══ INPUT MATERIAL

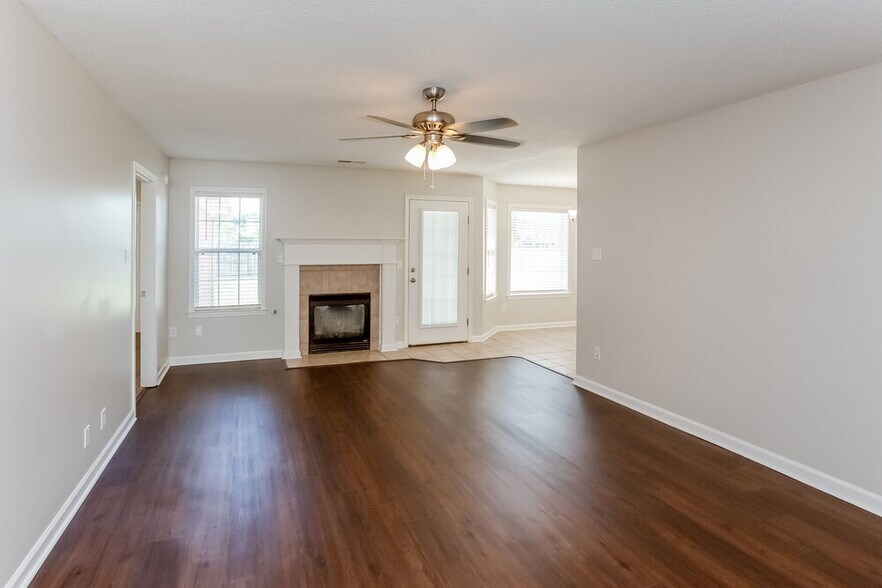 Building Photo - 1110 Greenwich Dr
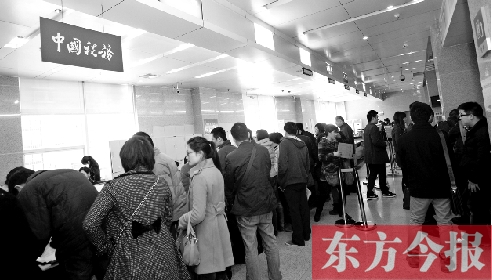 　昨天，在鄭州市房管局辦稅柜臺，迎來絡繹不絕辦理業(yè)務的市民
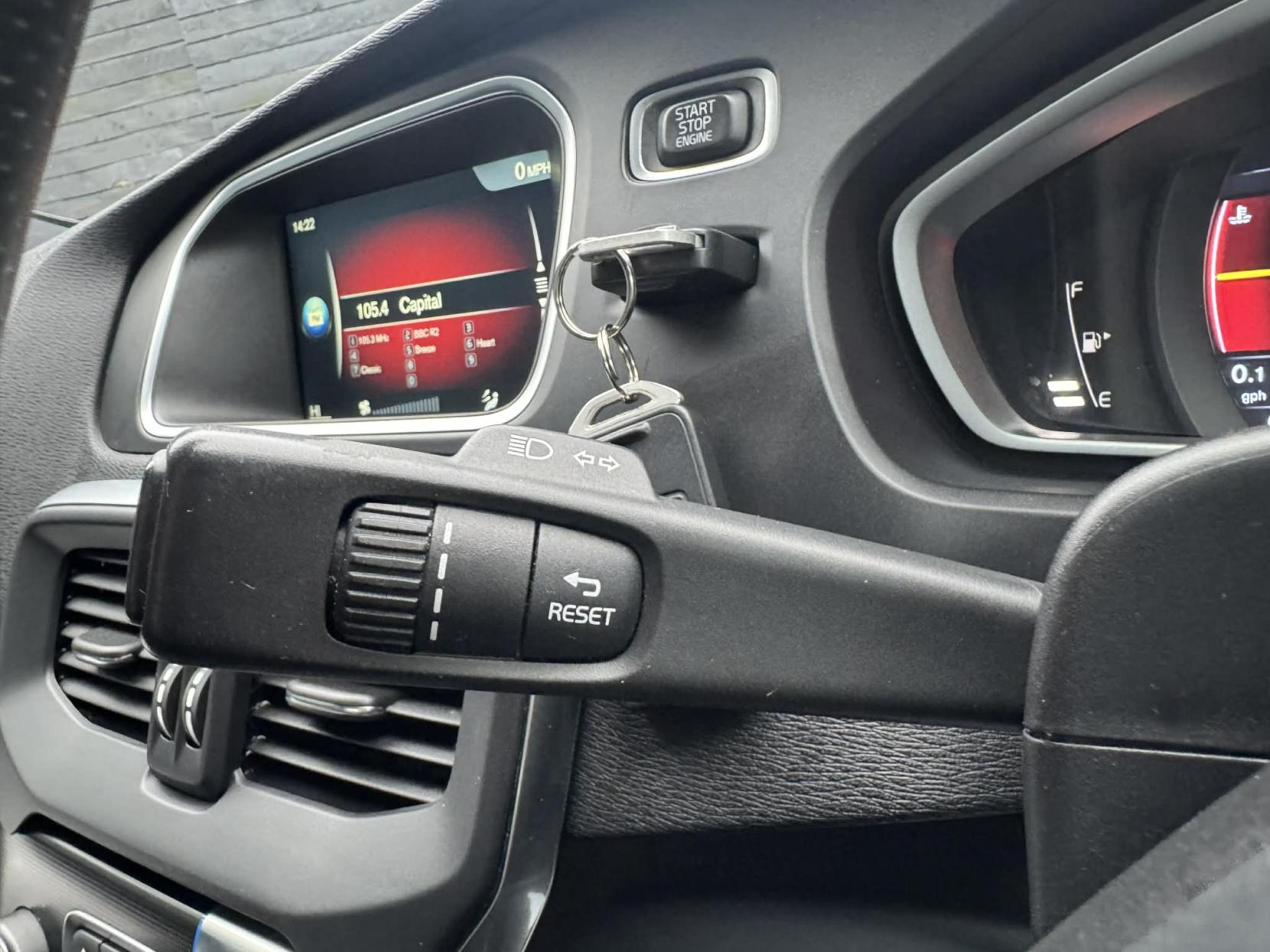 Volvo V40 2.0 D4 R-Design Nav Hatchback 5dr Diesel Manual Euro 6 (s/s) (190 ps)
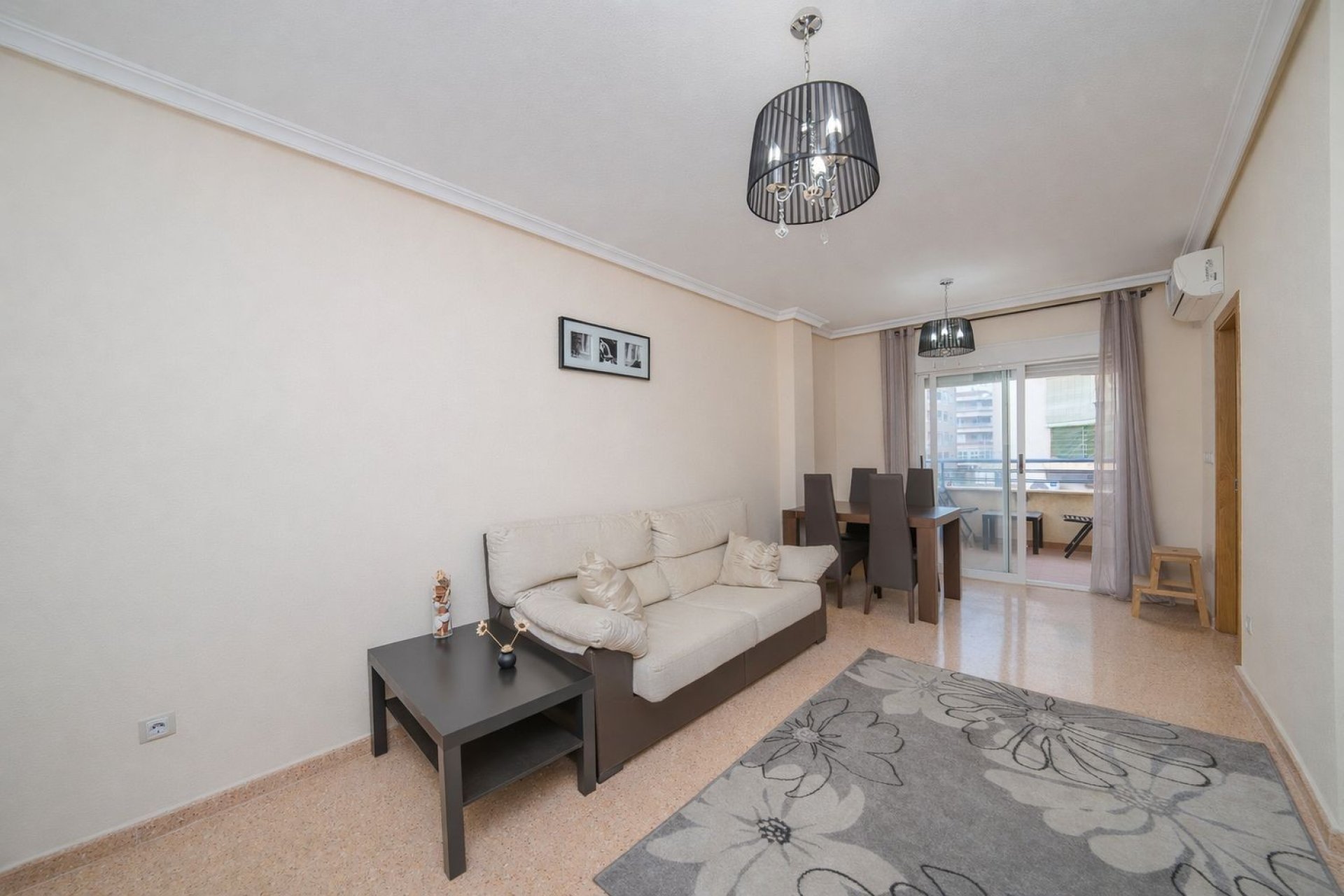 Odsprzedaż - Apartament - Torrevieja - Puerto Deportivo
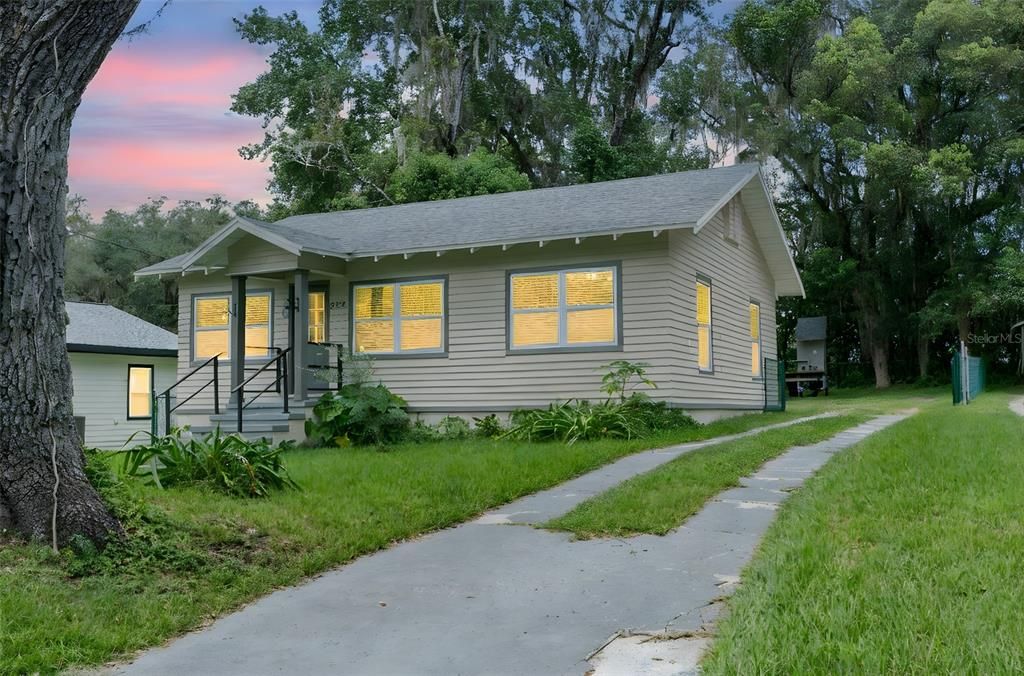 Activo con contrato: $190,000 (2 camas, 1 baños, 896 Pies cuadrados)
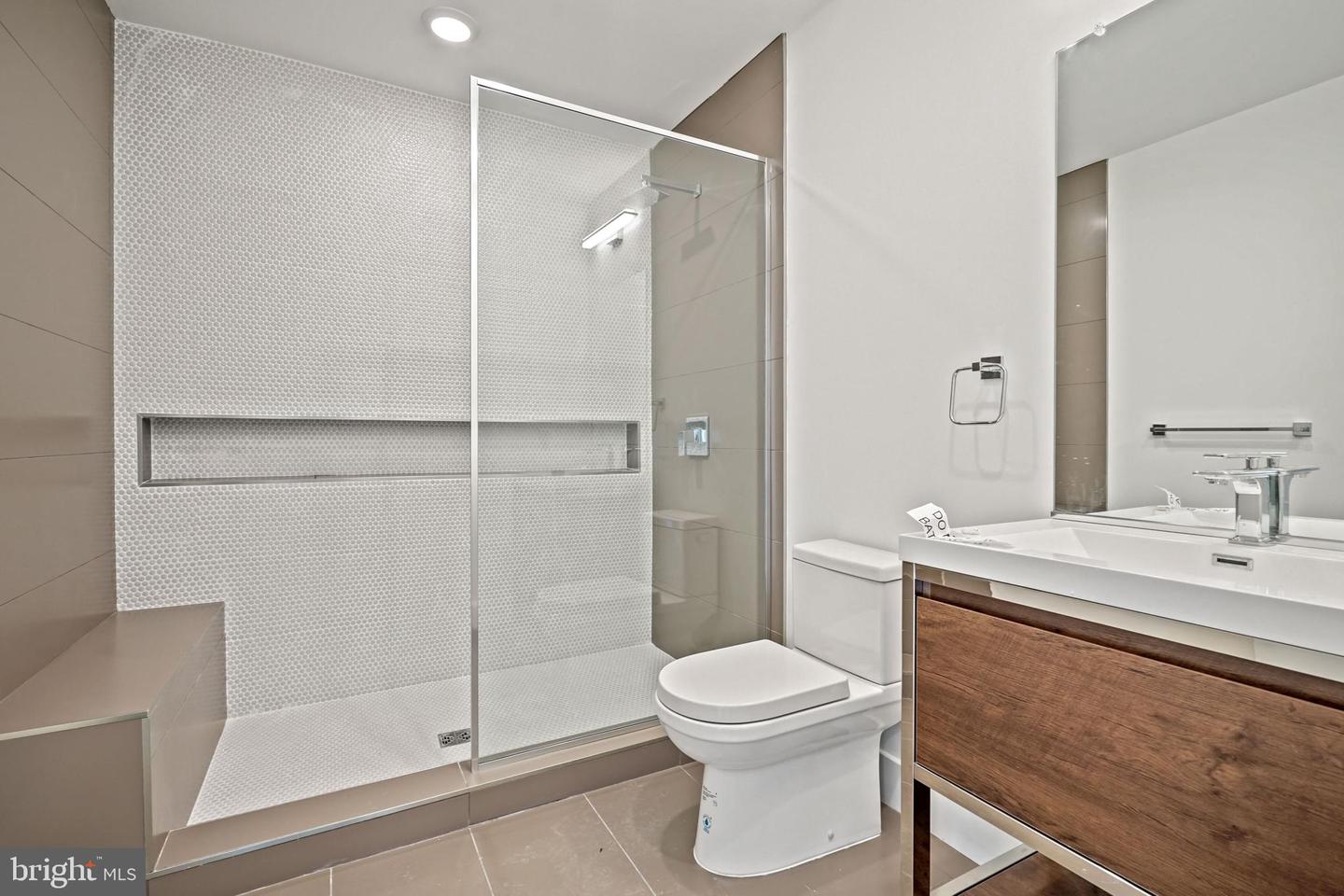 2027 Rhode Island AVENUE NE Unit: 303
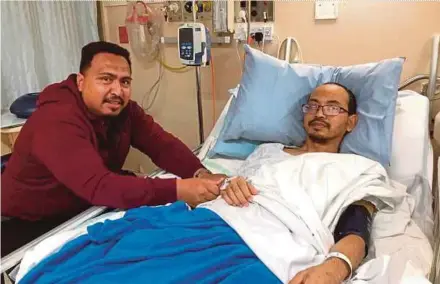  ??  ?? Bayan Lepas assemblyma­n Azrul Mahathir Aziz visiting Christchur­ch shooting victim Mohd Tarmizi Shuib at Christchur­ch Hospital.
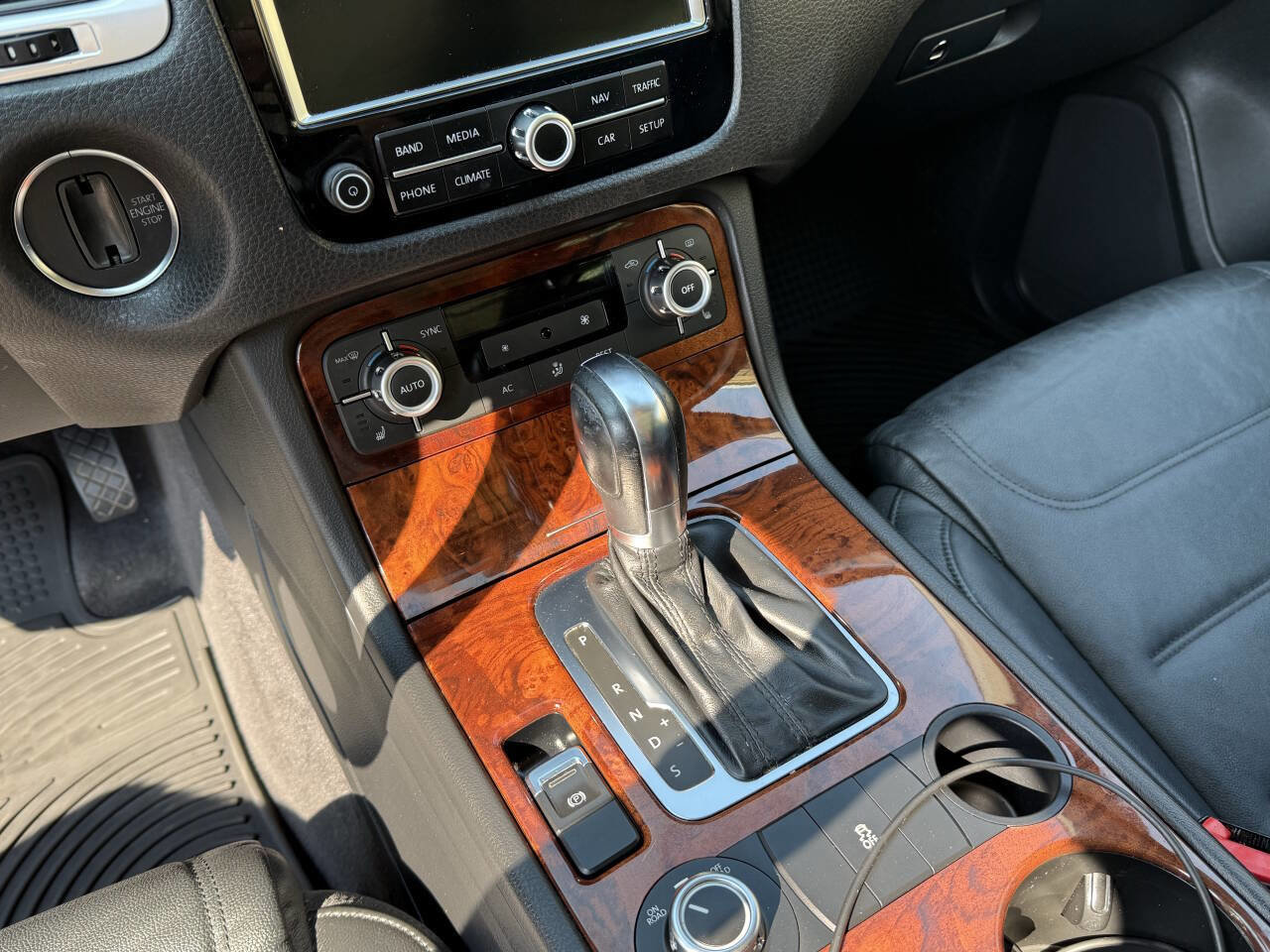 Used 2012 Volkswagen Touareg Sport image 29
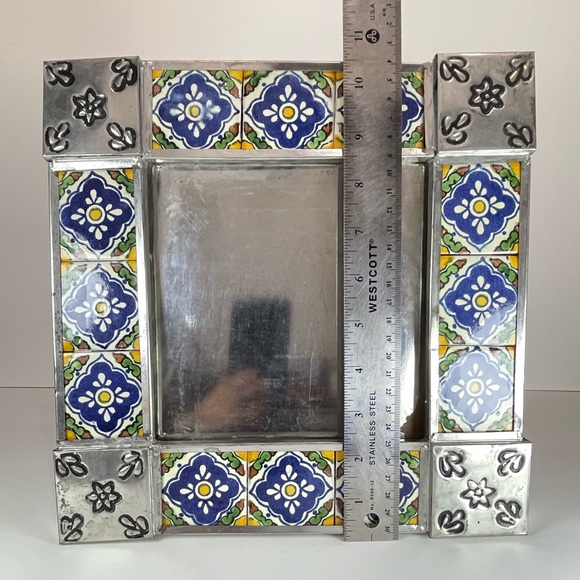 Mexican talavera tile tin frame - Picture 8 of 10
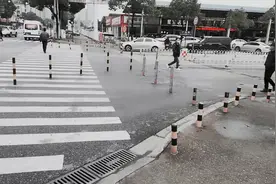 嗨！长沙最大的二手车市场，这里的车太实惠了！视频封面
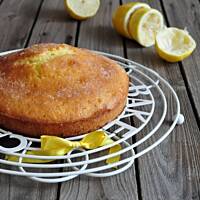 Ucierane ciasto z cytrynowym cukrem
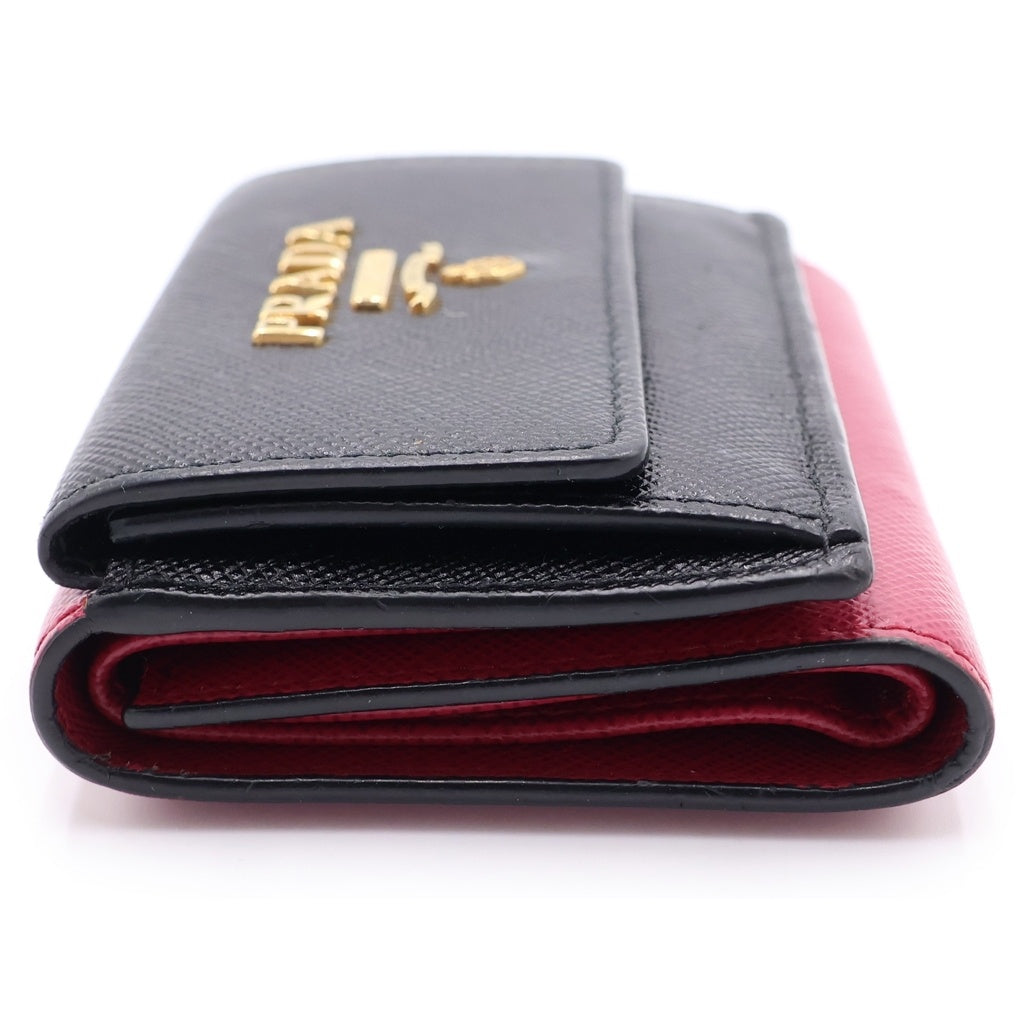 PRADA(プラダ) サフィアーノ 三つ折り財布 コンパクトウォレット コインケース ブラック×ピンク レザー 1MH021 ゴールド金具 レディース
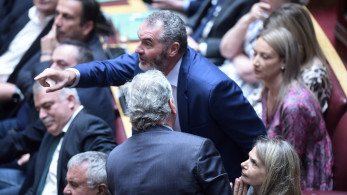 Όποια πέτρα κι αν σηκώσεις, από κάτω βρίσκεται ένας… Πασόκος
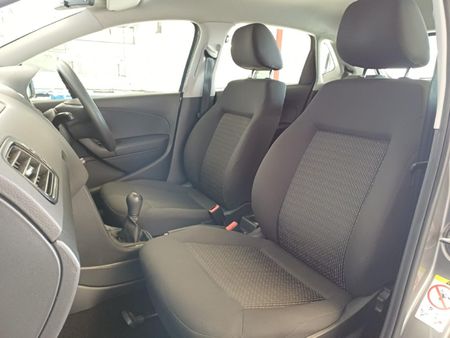 2023-Volkswagen-Polo-Vivo-14-Trendline-5-dr_12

════

TASK DESCRIPTION
Everything from the line holding "at Christchur­ch Hospital." through the last line of the listing should be written out exactly, except for the pictures.

EXERCISE ANSWER
  ??  ?? Bayan Lepas assemblyma­n Azrul Mahathir Aziz visiting Christchur­ch shooting victim Mohd Tarmizi Shuib at Christchur­ch Hospital.
 Used 2012 Volkswagen Touareg Sport image 29
 Mexican talavera tile tin frame - Picture 8 of 10
 嗨！长沙最大的二手车市场，这里的车太实惠了！视频封面
 Ucierane ciasto z cytrynowym cukrem
 PRADA(プラダ) サフィアーノ 三つ折り財布 コンパクトウォレット コインケース ブラック×ピンク レザー 1MH021 ゴールド金具 レディース
 Όποια πέτρα κι αν σηκώσεις, από κάτω βρίσκεται ένας… Πασόκος
 2023-Volkswagen-Polo-Vivo-14-Trendline-5-dr_12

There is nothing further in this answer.